Abuzz with optimism and pride, they cast the vote into the ballot box—a box filled with darkness and mystery— uncertainty awaits. A dark box where what goes in might not come out– a box that swallows hopes and dreams. A box that they used to long for—but now approach with fear, anger and hate. They start wondering who is inside that box. Is it indeed a box or a dark hole in which they cast their future. A deep hole that swallows their dreams. A hole in which they sow the seeds of hope– but out sprouts the weeds that kill the crop.
Elections are becoming a rest stop along the president-for- life journey for many of our leaders. They pull over to take a leak, stretch out their legs and jump right back in the driver’s seat to take the wheel. Should we just flip the coin since no one wants to concede power? Or better yet roll the dice since everyone wants the piece of the pie. We used to fear the bullet and now we are equally scared of the ballot. It is no longer a game—we can’t simply call shotgun. The stakes are high and passengers have the right to choose who is behind the wheel and who sits near the wheel.

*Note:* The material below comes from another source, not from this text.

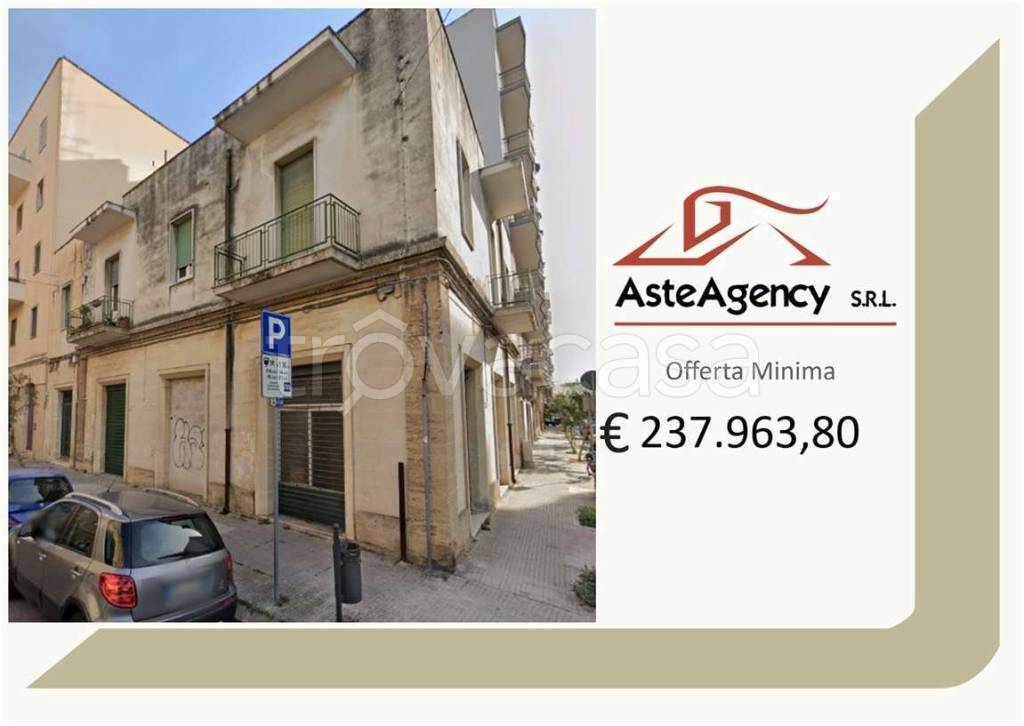 appartamento in vendita a Lecce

Behind the ballot box is a mystery room. A room which continues to rob our brothers and sisters of their civil liberties. The little room where elections are now decided. The negotiation room. Many wait with eagerness—with ears glued to the radios and puffy tired eyes staring at the television sets. As reality sinks in, some choose to flee their homes in fear. What happened to that ballot, they wonder? Mugabe vs. Tsvangirai came down to a power-sharing deal—and the two foes continue to fight for the wheel– without regard for passenger safety in the back seat. With every intersection, they hold on firmly as the drivers swerve recklessly. Gbagbo vs. Outtara has left Ivory Coast on the brink of civil war. Thousands have fled and others wait in fear—once again in Africa we have one car with two drivers behind the wheel. Why should we bleed after casting the ballot?